Ironically, in my last Army job, I was one of the guys that would be cringing at this suggestion right now. I was Staff Officer "No" for LFCA -- responsible for saying "no" to most people who asked for military assistance.

In my present life, I'm a consultant who helps clients get what they want by influencing the right people, the right way at the right time... yada yada. I'm a mix of PR/HR/Management consultant.

My thoughts:

Abandoning scheduled training to fight forest fires may create a short term tactical PR win. However, it may also create a long term strategic PR loss.

Additional, tactical issues also spring to mind. First of which is that our soldiers are not trained to fight fires. That, alone, may take the better part of a week -- and presto, even before they've had a chance to do anything productive on the fire line, we're pulling them out at ENDEX to leave the civilian firefighters holding the bag. An ugly photo op that is.
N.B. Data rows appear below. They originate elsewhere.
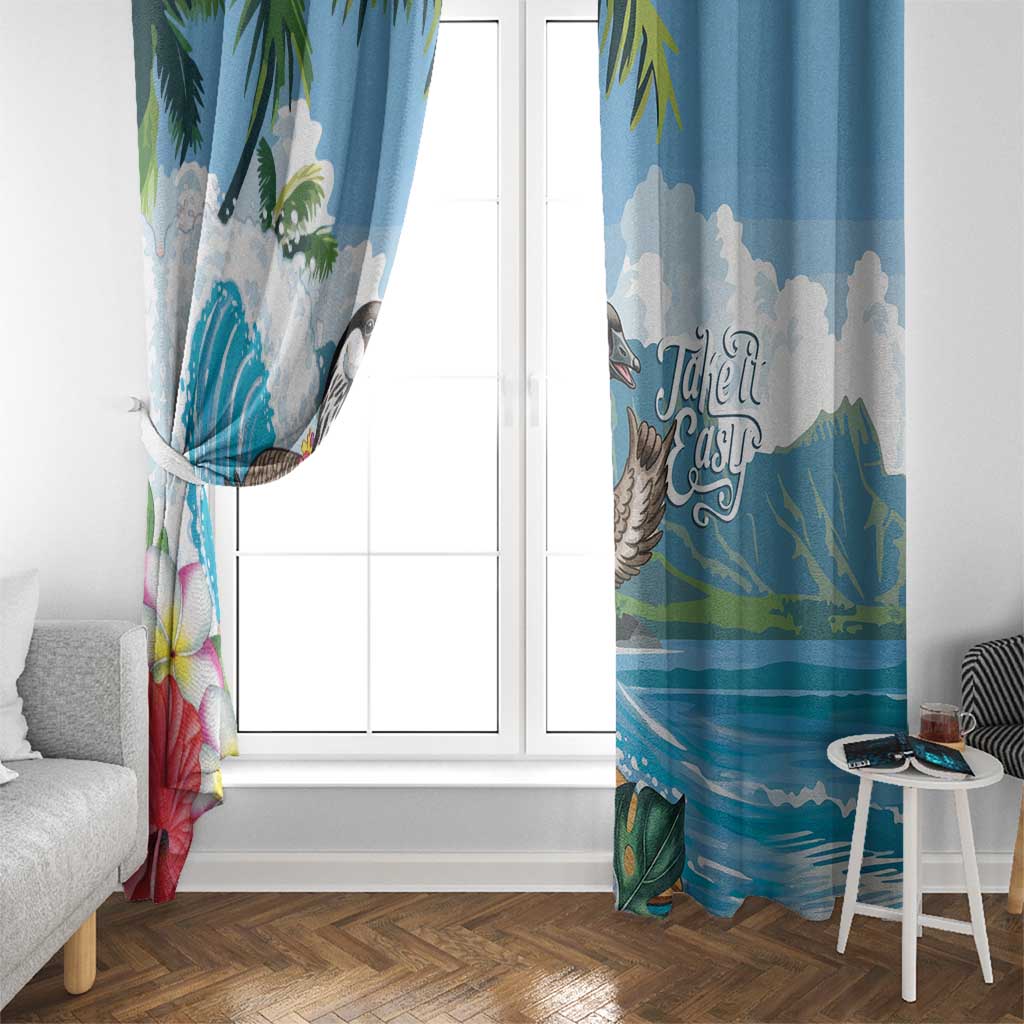 Aloha Hawaii Shaka Nene Goose Window Curtain Surfing Take It Easy - Polynesian Pride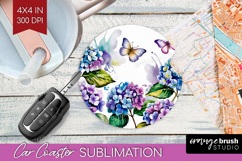 Summer Flowers Car Coaster - Floral Coaster PNG Sublimation Product Image 1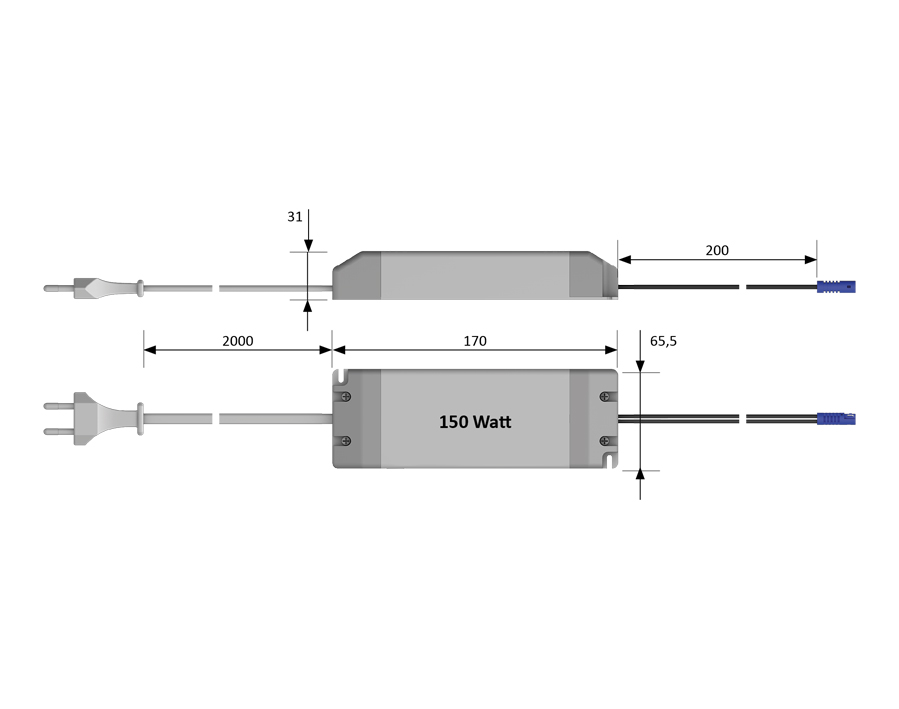 LED-Vorschlatgerät mit Euroflachstecker 150 W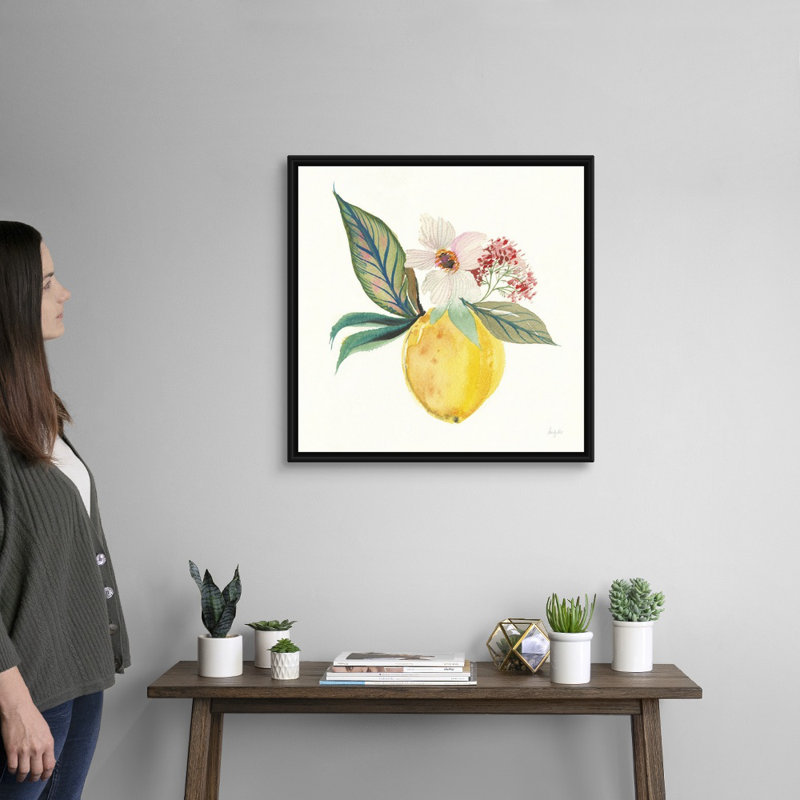 «Citrus Summer IV» par Kristy riz - reproduction d'art sur toile, H 26 po x l 26 po x P 1,75 po, Cadre flottant noir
Or, we send them in as unskilled labour under the supervision of skilled firefighters. Might get them into the fray sooner, but do we really want to establish a "brand position" as "cheapest labour on the planet"??? That won't help us long term.

Far better, perhaps, to send them to Petawawa and concentrate on honing the expert skills that set them apart (and above?) firefighters: warfighting. This is still a "brand niche" that we own exclusively, even if we have tended to forget it.

Besides, fire fighting is a provincial responsibility and the provinces have ample resources to manage the situation.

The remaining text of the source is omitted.